The monumental collapse of the ABC Learning empire - much like the economy that incubated its malignant growth - should not be seen as a total calamity, despite the obvious potential for fallout.
Regardless of the Federal Government’s bailout package, the debacle is only beginning to reverberate through our community. The revelation that almost 400 ABC Learning centres may close clearly brings dire consequences for staff, parents and 30,000 children at ABC. Not to mention shareholders.
Receivers McGrath Nicol have looked at the figures and decided that more than one in three of ABC's profligate centres aren't sustainable (PDF 180KB), despite the essential nature of childcare in today's economy. The effect this will have is palpable. The first news of ABC's woes brought a rush on community-based childcare, while this latest announcement's timing is drawing an impassioned response from parents and the media.
Beyond further government lifelines or a rival's takeover of these centres, what hope is there for families and workers in places as disparate as Central Sydney and Innisfail?
ABC staff and parents, as much as governments and administrators, would do well to look at a phenomenon that emerged in the wake of the Argentine economic collapse in 2001. After the dust settled on el saqueo - the collective term for the devaluation of the Argentine peso, the run on the banks and the rioting, looting and death that followed - workers' collectives organised to run their enterprises autonomously.
The bosses had jumped ship. They left their workers unemployed and, in most cases, with workplaces where the assets had been stripped, sold or even smashed. But intrepid Argentines began the arduous task of getting their jobs back by recuperating the spaces left fallow by their absentee owners.
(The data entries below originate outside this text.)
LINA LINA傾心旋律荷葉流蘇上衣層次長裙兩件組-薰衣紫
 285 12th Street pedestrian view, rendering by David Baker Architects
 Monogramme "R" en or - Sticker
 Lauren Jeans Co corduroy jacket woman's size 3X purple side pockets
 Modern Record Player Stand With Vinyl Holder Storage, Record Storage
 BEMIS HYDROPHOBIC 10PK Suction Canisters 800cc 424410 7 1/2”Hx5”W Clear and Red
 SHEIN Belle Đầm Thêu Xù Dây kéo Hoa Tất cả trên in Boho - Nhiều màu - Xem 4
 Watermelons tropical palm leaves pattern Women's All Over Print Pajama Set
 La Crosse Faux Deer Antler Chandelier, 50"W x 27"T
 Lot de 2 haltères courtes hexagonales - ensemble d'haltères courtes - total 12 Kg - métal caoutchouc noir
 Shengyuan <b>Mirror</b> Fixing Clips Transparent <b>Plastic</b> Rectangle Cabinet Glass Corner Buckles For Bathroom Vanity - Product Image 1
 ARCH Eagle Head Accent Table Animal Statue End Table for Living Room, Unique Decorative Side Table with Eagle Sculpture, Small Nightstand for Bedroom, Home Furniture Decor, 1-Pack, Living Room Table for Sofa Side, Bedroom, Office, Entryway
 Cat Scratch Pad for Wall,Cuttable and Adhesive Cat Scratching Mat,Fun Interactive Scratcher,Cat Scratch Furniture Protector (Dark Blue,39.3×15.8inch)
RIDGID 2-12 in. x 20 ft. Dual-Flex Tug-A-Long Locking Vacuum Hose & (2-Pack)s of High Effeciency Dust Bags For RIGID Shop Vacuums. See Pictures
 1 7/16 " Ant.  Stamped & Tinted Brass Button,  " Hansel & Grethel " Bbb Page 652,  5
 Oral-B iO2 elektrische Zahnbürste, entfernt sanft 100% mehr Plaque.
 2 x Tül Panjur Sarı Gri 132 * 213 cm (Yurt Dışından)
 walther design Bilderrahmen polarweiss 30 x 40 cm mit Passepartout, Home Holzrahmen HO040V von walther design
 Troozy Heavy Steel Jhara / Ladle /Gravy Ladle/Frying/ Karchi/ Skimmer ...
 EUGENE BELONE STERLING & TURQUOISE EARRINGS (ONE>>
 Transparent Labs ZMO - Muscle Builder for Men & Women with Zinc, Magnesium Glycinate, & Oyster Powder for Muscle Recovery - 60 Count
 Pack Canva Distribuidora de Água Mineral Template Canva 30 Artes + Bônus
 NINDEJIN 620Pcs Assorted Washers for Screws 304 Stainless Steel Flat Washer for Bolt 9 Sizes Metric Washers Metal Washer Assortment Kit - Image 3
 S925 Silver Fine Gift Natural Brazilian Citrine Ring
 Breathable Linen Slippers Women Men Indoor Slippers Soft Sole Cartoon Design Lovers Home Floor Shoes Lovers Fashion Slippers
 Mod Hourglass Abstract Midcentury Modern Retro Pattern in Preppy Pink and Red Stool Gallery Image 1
The illusion that executives and industrialists held some ethereal knowledge of business beyond the average workers' grasp quickly evaporated. Self-interest meant the workers ran the business better than the bosses who, much like ABC's Groves, had been reluctant to shoulder responsibility at the time of the crisis.
Perversely, as the co-operatives proved viable and the economy turned around, these same employers came out of the woodwork and began their fight to reclaim the businesses themselves. They had varying degrees of success thanks to the Argentine government's de facto endorsement of the takeovers, in the form of the Ley Nacional de Expropiación or National Law of Expropriation.
There is a considerable difference between post-crisis Argentina and still-wealthy suburban Australia teetering on the edge of recession. Militant unionism, factory occupations and violent protests aren't particularly common in Australia, just as a “she'll be right, mate” attitude doesn't come easy when one's life savings have been halved by order of the central government.
However, the overnight disappearance of 30,000 childcare places does have serious implications for an economy already under duress. Surely some creative thinking is required.
With the Rudd Government staring down the barrel of a budget deficit, calls for a nationalisation of ABC seem unlikely to resonate with a cash-strapped treasury. Equally, as the private sector is haemorrhaging at an astonishing rate, finding sufficient capital to take over the old ABC centres could also prove difficult.
The community model of childcare draws almost universal acclaim from workers, parents, children and early-childhood learning academics. Indeed, the community sector's peak body, Australian Community Children's Services, identifies the community model as having been the predominant form of childcare in Australia before the Fraser government's opening of the sector to private investment.